Senin, 20 Januari 2014

Hibiscus Rosa-Sinensis

"Hibiscus rosa-sinensis" Bisikmu lirih
"Kembang sepatu" Kataku sambil mengulurkan tangan, mencoba memetik merahnya.
"Jangan!" Pekikmu.
"Jangan petik!" Kau pelankan suaramu. Tanganmu menggantung di udara, isyarat menahanku mengambil bunga itu.
"Bunga ini sepertinya bagus menghias rambut kita" Aku menarik tanganku. Kikuk.

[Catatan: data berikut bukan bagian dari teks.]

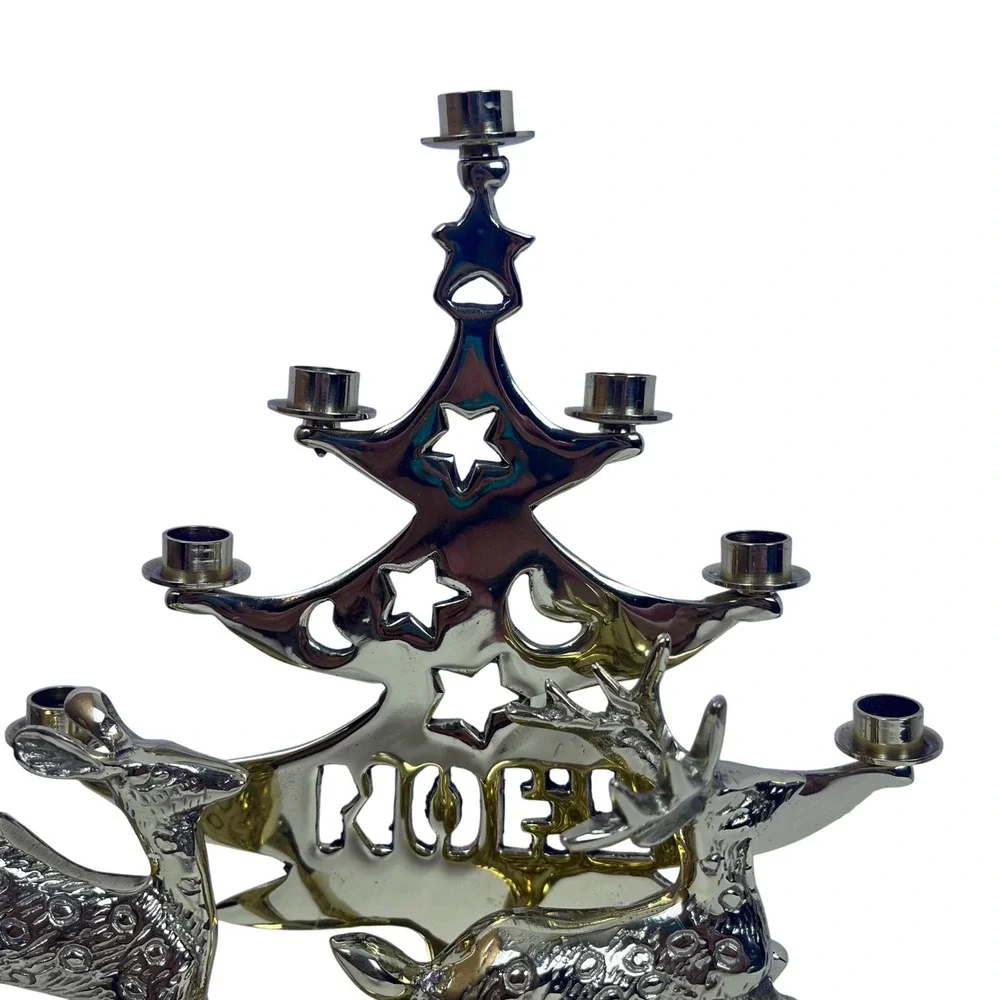 Vintage‎ Brass Christmas Tree Candelabra Reindeer Noel Candle Holder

"Tidak mempercantik sama sekali" Katamu sambil bergegas, memacu langkah. Suara tuk tuk tuk sepatu berhak tinggimu menggema di sepanjang trotoar.
"Hibiscus rosa-sinensis" Bisikmu lagi.
"Ada apa dengan si hisbis hisbis ini?" Aku ikut-ikutan ngebut, mensejajari langkahmu.
"Hibiscus rosa-sinensis. Dari bunga itu, aku mengambil namaku. Rosa" Kamu tiba-tiba menghentikan langkah. Sepatu jinjitku hampir membuatku terpeleset saat aku ikut berhenti mendadak.
"Aku mengamati bunga itu di kelas biologi SMP dulu. Dan menertawainya bersama seisi kelas saat guruku sampai kepada kesimpulan Hibiscus rosa-sinensis memiliki putik dan benangsari, dua alat kelamin. Dia banci" Kamu masih mematung. Entah memandang apa di kejauhan. Semoga saja bukan karena kamu kesambet hantu pohon jambu. Jakunku naik turun menelan ludah, merasakan emosi yang menguar dari matamu. Aku faham. Bagimu itu bukan hanya kembang sepatu.

Aku membiarkan angin malam mengisi diam di antara Kita. Menceracau sendiri. Aku tidak tahu kalau bunga punya jenis kelamin seperti manusia. Aku bahkan tidak bisa menyebut namanya hibisus hibisus entah apa itu. Bagiku itu hanya bunga sepatu. Tapi bagimu, mungkin semacam simbol diri.
Suara tuk tuk sepatu jinjit kita dan desau angin yang semakin berguruh mengisi kebisuan sepanjang sisa perjalanan. Mengantarkan kita ke taman di sudut kota. Ada banyak kembang sepatu di sana. Juga Rosa lainnya, menunggu tangan-tangan usil yang siap memetik.